**TASK REQUIREMENTS:** Below are the entries. Transcribe exactly the lines from the one with "y baño con lavabo" through the one with "saintbounty: a photo", ends included, and leave out all others.

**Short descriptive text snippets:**

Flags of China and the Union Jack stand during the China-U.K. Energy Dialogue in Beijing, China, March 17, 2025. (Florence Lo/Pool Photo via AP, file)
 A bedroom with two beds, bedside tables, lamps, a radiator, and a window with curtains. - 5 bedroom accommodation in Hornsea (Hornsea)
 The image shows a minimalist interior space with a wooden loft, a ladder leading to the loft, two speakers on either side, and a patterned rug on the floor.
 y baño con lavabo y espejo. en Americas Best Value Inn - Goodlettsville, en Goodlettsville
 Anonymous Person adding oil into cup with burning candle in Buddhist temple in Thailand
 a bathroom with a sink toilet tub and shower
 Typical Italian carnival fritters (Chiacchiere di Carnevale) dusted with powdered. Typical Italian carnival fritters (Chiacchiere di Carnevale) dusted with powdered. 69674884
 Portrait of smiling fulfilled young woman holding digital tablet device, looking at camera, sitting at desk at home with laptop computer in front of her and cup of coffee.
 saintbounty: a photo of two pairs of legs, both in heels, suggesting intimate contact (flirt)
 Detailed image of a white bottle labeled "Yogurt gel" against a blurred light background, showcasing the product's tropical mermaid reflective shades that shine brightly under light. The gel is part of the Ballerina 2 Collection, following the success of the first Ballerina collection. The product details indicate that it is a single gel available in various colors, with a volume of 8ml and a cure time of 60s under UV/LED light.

**EXERCISE SOLUTION:**
 y baño con lavabo y espejo. en Americas Best Value Inn - Goodlettsville, en Goodlettsville
 Anonymous Person adding oil into cup with burning candle in Buddhist temple in Thailand
 a bathroom with a sink toilet tub and shower
 Typical Italian carnival fritters (Chiacchiere di Carnevale) dusted with powdered. Typical Italian carnival fritters (Chiacchiere di Carnevale) dusted with powdered. 69674884
 Portrait of smiling fulfilled young woman holding digital tablet device, looking at camera, sitting at desk at home with laptop computer in front of her and cup of coffee.
 saintbounty: a photo of two pairs of legs, both in heels, suggesting intimate contact (flirt)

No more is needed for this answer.